Posts tagged tokyo drifter

Tokyo Drifter (Seijun Suzuki, 1966)

Japan in the 1960s was a much cooler place than the United States were (or at least it seems that way), as technology and the economy began booming and Tokyo really began to become the true city of the future (see: my future review of Solaris) that it is today. Neon sprang up everywhere, pop music came blaring through the speakers everywhere you went, and the Western influence began to take a nice control. Akira Kurosawa was the most popular filmmaker in the country at a time where James Bond was all the rage (you can see how much that influenced Tokyo Drifter, too), but Nikkatsu was thriving. The studio had its gigantic boom in the 1960s, making a wide variety of movies (largely noir and urban dramas) and bringing in tons of cash. Leading this rush were Shōhei Imamura and Seijun Suzuki. Suzuki had quite a prolific run for the studio, directing countless films for them, before finally being fired for the ridiculousness that was 1967’s Branded to Kill. Not too long before making that movie, Suzuki made Tokyo Drifter, a wildly colorful yakuza film staring Tetsuya Watari as Tetsu, our drifter.

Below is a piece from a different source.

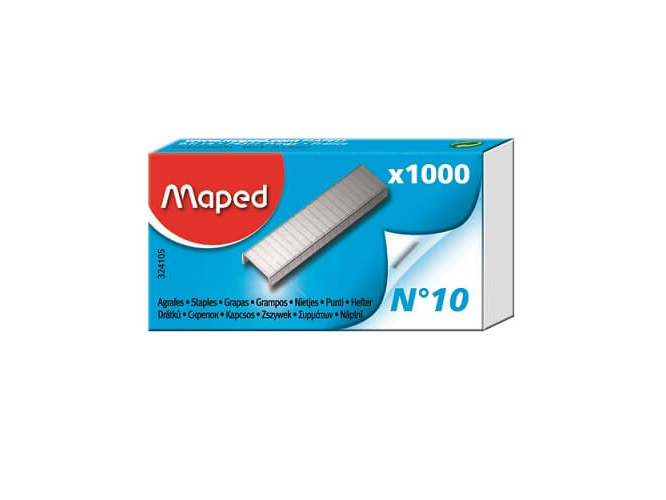 BROCHE MAPED 1000 N10 CAJA
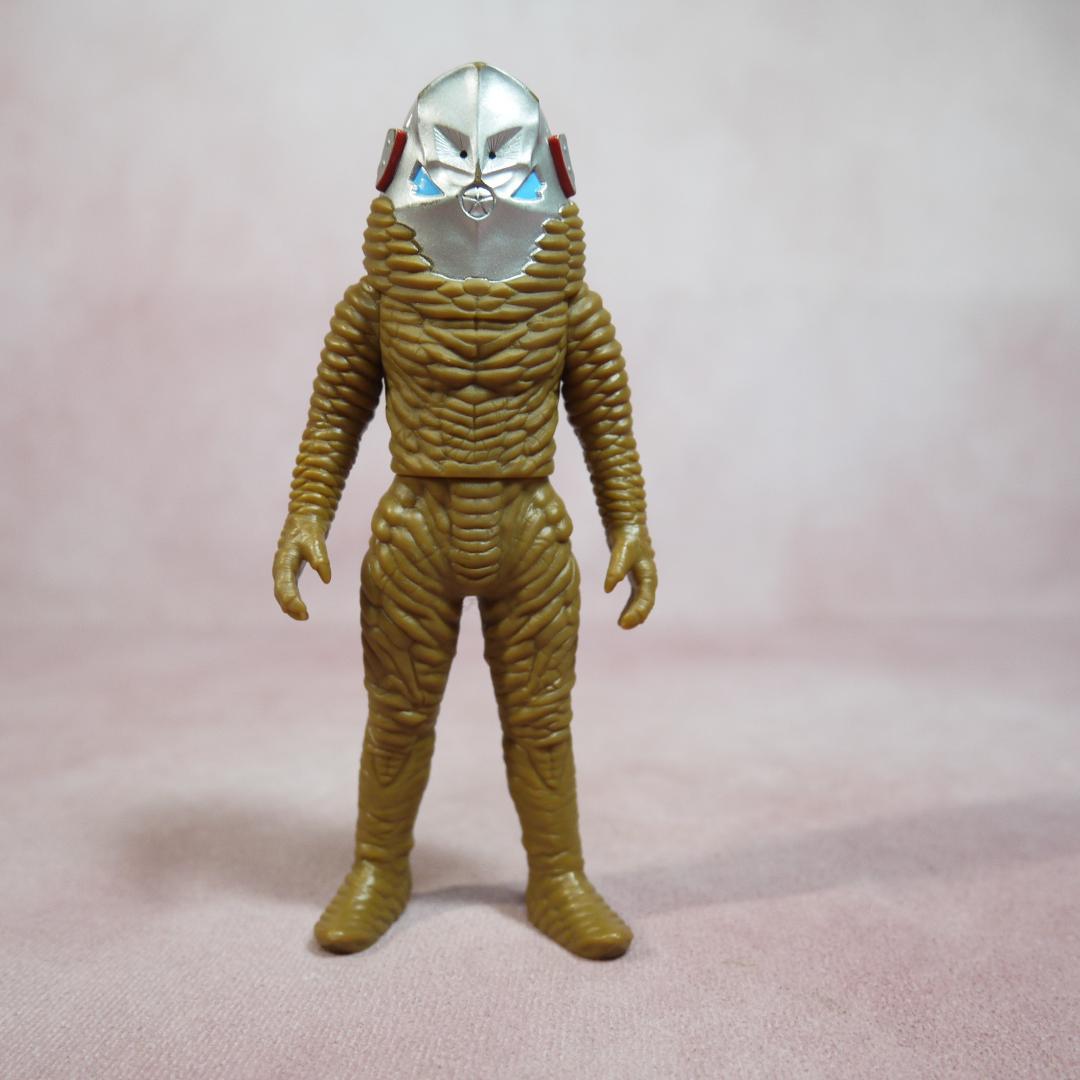 ウルトラ怪獣シリーズ500 ザラブ星人 ソフビ - メルカリ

Recently, Tetsu’s boss, Kurata has given up the life of crime and currently leaves Tetsu in the middle of a neutral zone. From here, I have literally no idea where the story goes as it ends up heading down the most ridiculous directions…as everyone tries to catch up with Tetsu and murder him. His ex lovers get involved or something and it’s all a really ridiculous game of cat and mouse (this is only made more ridiculous in Branded to Kill). He essentially staves off everyone but this really is not the point of this film whatsoever. The point is how brilliant and vibrant those colors are. And how perfectly edited this movie is so all the jokes have enough lasting power. And those sets. And the outfit choices.

Whoever told you that movies being all style and no substance was wrong was in fact, really just um, well, plain wrong. Now sure, plenty of movies are all style, no substance, and are pure trash (fucking Sucker Punch, which I will probably review since somebody brought it up to me today) but Tokyo Drifter is the absolute masterpiece of this style of filmmaking. seriously, what a glorious way to spend 83 minutes.